Recorded data ->
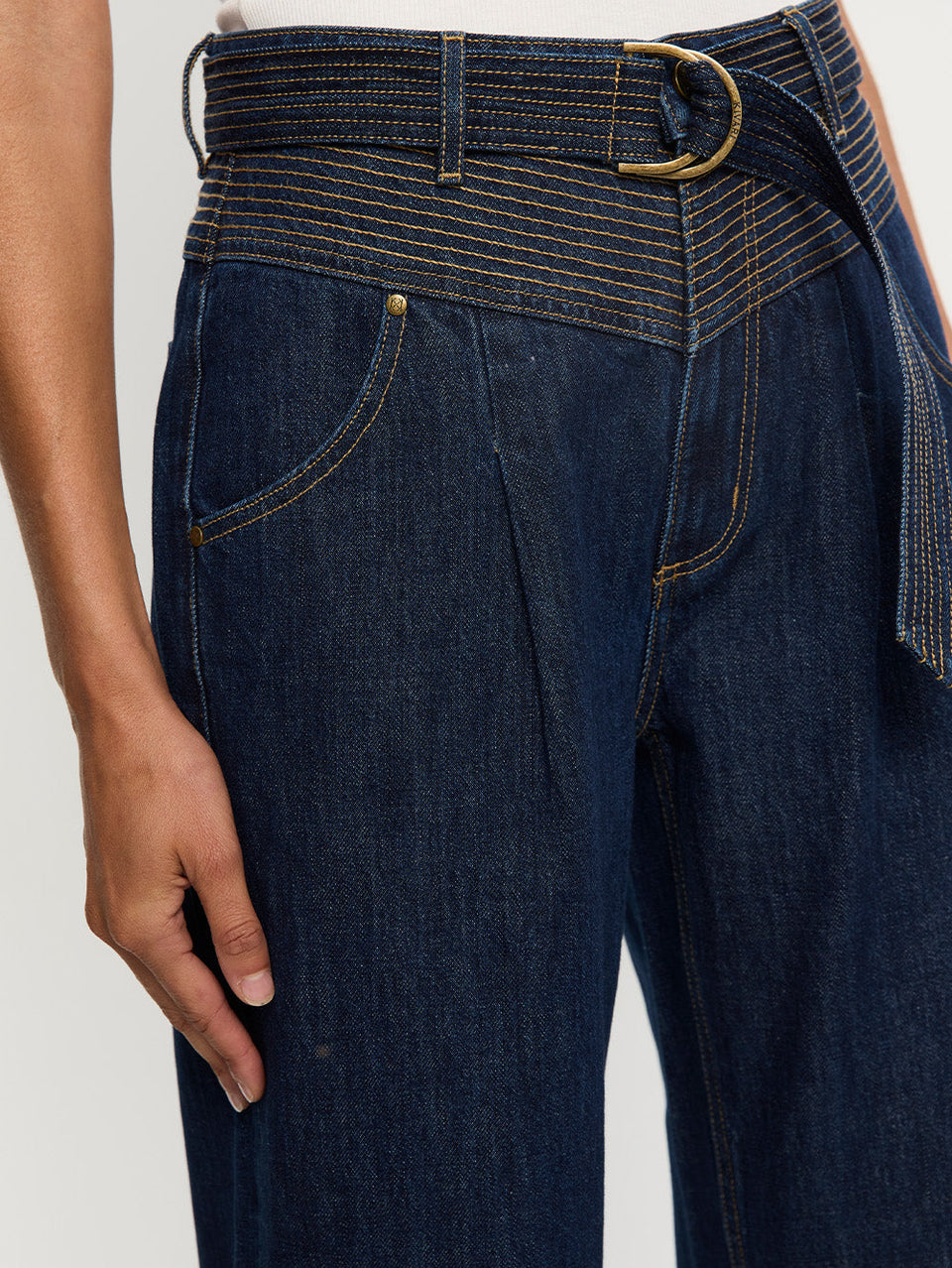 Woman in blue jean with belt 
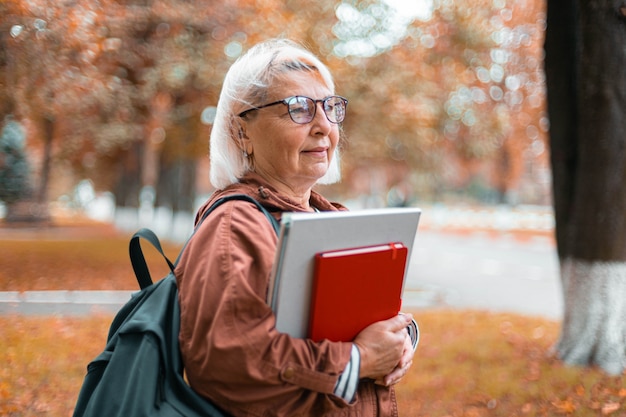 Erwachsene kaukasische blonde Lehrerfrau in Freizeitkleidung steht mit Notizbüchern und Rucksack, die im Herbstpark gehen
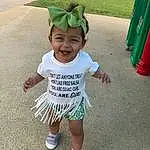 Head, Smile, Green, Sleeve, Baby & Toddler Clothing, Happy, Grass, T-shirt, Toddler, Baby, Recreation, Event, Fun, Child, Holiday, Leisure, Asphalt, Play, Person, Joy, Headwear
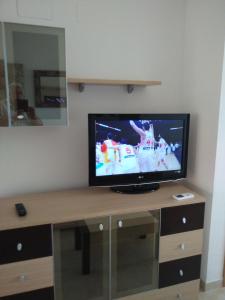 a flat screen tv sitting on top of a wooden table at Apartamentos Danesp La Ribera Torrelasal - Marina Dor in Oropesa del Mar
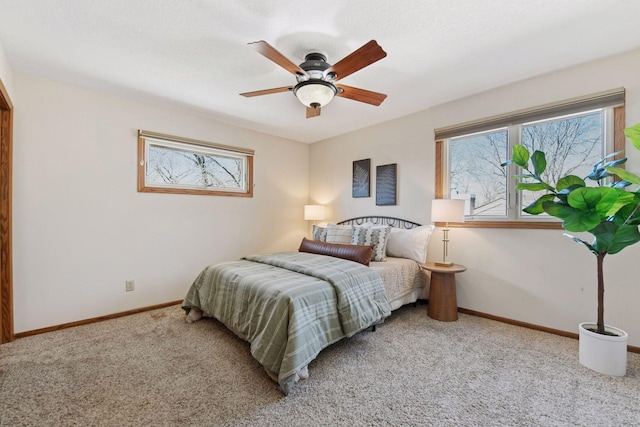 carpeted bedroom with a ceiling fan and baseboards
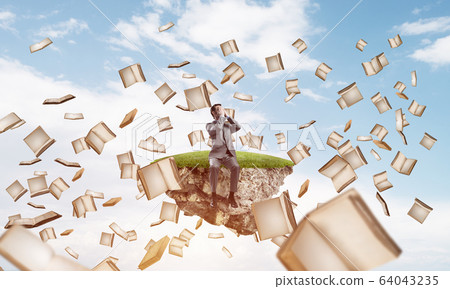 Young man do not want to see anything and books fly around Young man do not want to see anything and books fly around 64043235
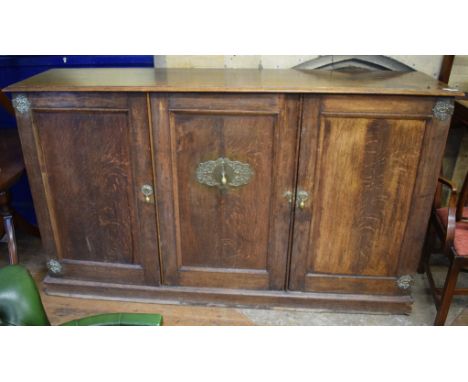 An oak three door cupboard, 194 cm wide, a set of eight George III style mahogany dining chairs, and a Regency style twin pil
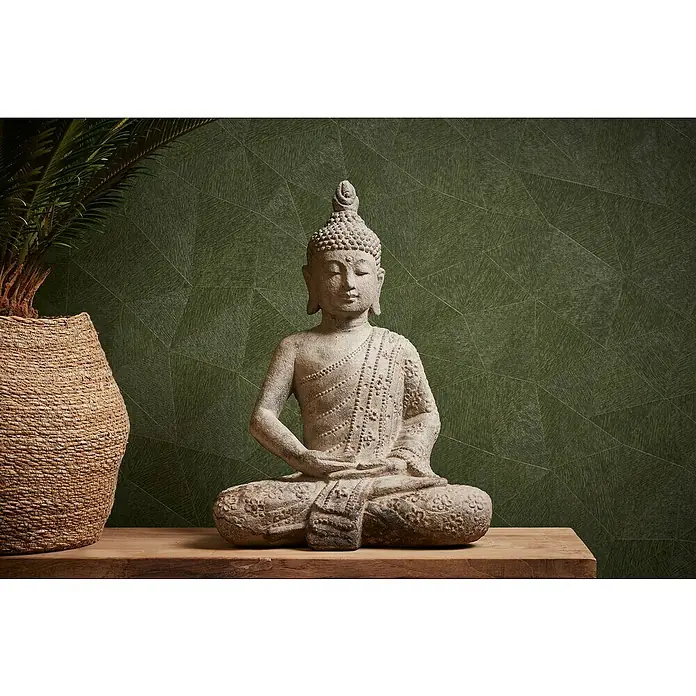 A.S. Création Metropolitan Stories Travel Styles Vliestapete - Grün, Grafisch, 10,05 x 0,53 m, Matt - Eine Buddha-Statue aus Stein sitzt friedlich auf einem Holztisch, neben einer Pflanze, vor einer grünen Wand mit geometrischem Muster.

WHAT TO DO -> No picture belongs in the answer; the rest of the records must be repeated exactly.

RESULT OF THE TASK ->
 Woman in blue jean with belt 
 Erwachsene kaukasische blonde Lehrerfrau in Freizeitkleidung steht mit Notizbüchern und Rucksack, die im Herbstpark gehen
 Head, Smile, Green, Sleeve, Baby & Toddler Clothing, Happy, Grass, T-shirt, Toddler, Baby, Recreation, Event, Fun, Child, Holiday, Leisure, Asphalt, Play, Person, Joy, Headwear
 a flat screen tv sitting on top of a wooden table at Apartamentos Danesp La Ribera Torrelasal - Marina Dor in Oropesa del Mar
 carpeted bedroom with a ceiling fan and baseboards
 Young man do not want to see anything and books fly around Young man do not want to see anything and books fly around 64043235
 An oak three door cupboard, 194 cm wide, a set of eight George III style mahogany dining chairs, and a Regency style twin pil
 A.S. Création Metropolitan Stories Travel Styles Vliestapete - Grün, Grafisch, 10,05 x 0,53 m, Matt - Eine Buddha-Statue aus Stein sitzt friedlich auf einem Holztisch, neben einer Pflanze, vor einer grünen Wand mit geometrischem Muster.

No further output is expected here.